Als Sri Chinmoy nach einer Meditationsveranstaltung im Gehen begriffen war, sagte er: "Diejenigen, die mehr über unseren Weg erfahren möchten, mögen bitte nach vorne kommen und diesem jungen Mann ihren Namen geben." Zu jener Zeit gab es nur sehr wenig Bücher von Sri Chinmoy, zum größten Teil handelte es sich dabei um Mitschriften von Vorträgen, die er gehalten hatte. Ich dachte, ich könne so eine Broschüre mit mehr Information über Sri Chinmoy und seine Philosophie erhalten und gab meinen Namen, ohne mir weiter Gedanken zu machen.

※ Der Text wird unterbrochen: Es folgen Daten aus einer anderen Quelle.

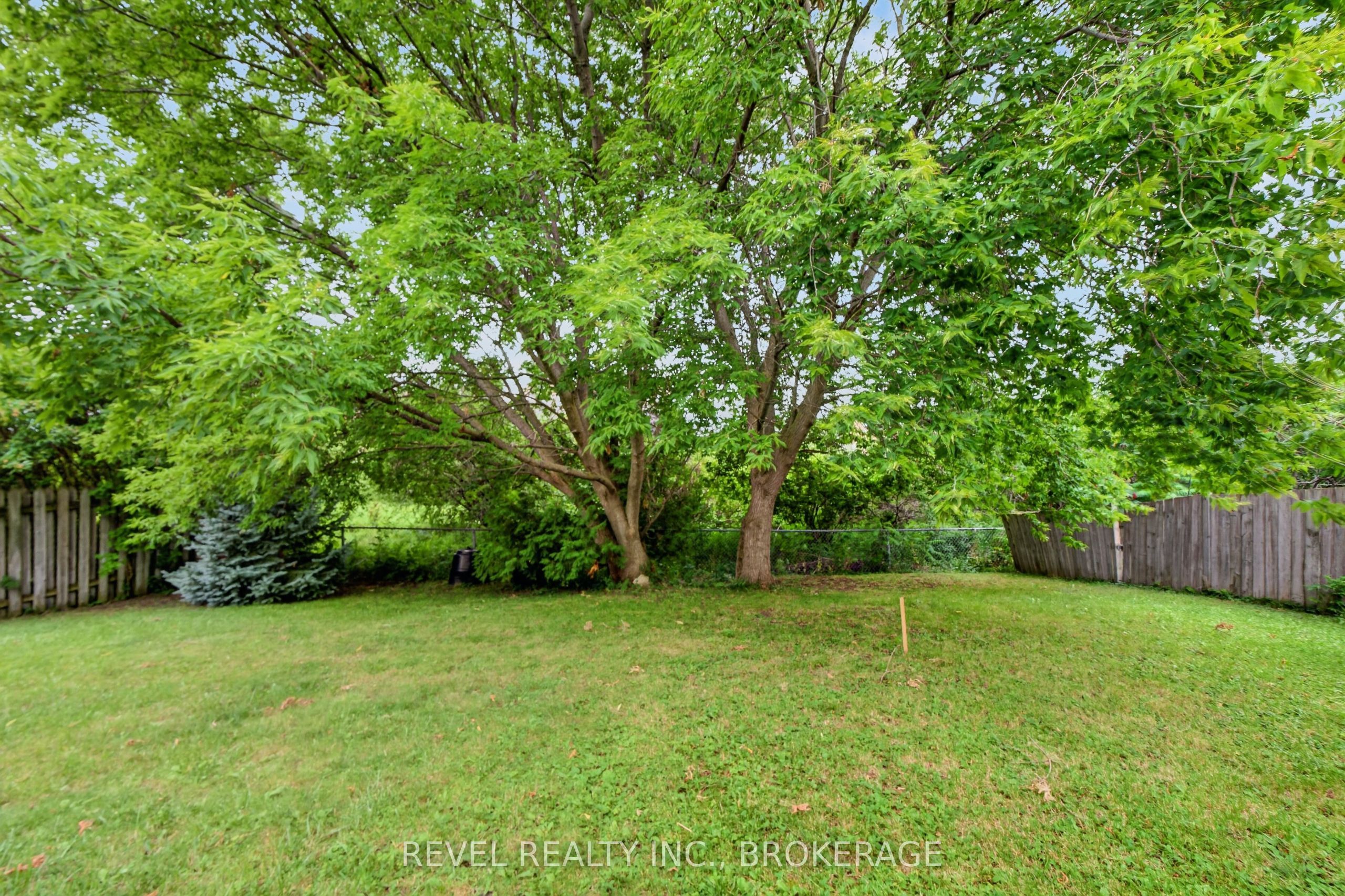 986 Killarney Crescent Property Photo 39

Ein paar Tage später erhielt ich einen Anruf von jenem Mann. Die Verbindung war nicht besonders gut und er sprach sehr leise, so dass ich kaum hören konnte, was er sagte. Schließlich habe ich es dann doch verstanden. Er sagte, Sri Chinmoy würde mich zu jenem Zeitpunkt noch nicht als Schüler annehmen, mich aber ermutigen, weiterhin die Meditationen zu besuchen. Ich war vollkommen verwirrt! Ich wollte nicht Sri Chinmoys Schülerin werden; wie hatte man nur auf diese Idee kommen können! Ich sagte nichts und legte auf.
Am Samstag ging ich dann wie gewöhnlich zur Meditation. Als die Meditation zur Hälfte um war, nahm Sri Chinmoy einen Zettel von seinem Beistelltisch. Unwillkürlich begann mein Herz wie wild zu schlagen und ich bekam Angst. Ich sagte zu mir: "Er wird mich nach vorne rufen, ich will aber nicht vorgehen." Ich kauerte auf meinem Stuhl. Einige Sekunden später sagte Sri Chinmoy: "Wenn ich euren Namen sage, dann kommt bitte nach vorne." Mein Name wurde ausgesprochen und irgendwie schaffte ich es bis zur Bühne. Wir waren eine kleine Gruppe von ungefähr acht Leuten. Sri Chinmoy weihte uns auf traditionelle Weise ein. Er segnete jeden von uns und überreichte jedem eine Rose. Das Sri-Chinmoy-Zentrum von Manhattan war geboren.
Im nachhinein erkannte ich, dass einige aus der Gruppe bereits im voraus wussten, dass Sri Chinmoy sie an jenem Abend als seine Schüler annehmen würde. Die langen Haare und der Bart waren ab und einige Männer trugen weiße Kleidung. Da wurde mir klar, wie gut Sri Chinmoy mich kannte. Hätte mir der junge Mann am Telefon gesagt, dass Sri Chinmoy mich an jenem Samstagabend als Schülerin annehmen würde, wäre ich niemals hingegangen. Ich hätte kein spirituelles Leben in New York begonnen, da ich ja die Absicht hatte, diese Stadt in Kürze zu verlassen.
Sri Chinmoy wusste, dass ich nur dann sein Schüler werden konnte, wenn er mir sagte, dass er mich nicht als seinen Schüler akzeptieren würde. Er hat mich ausgetrickst und dafür bin ich auf immer und ewig dankbar.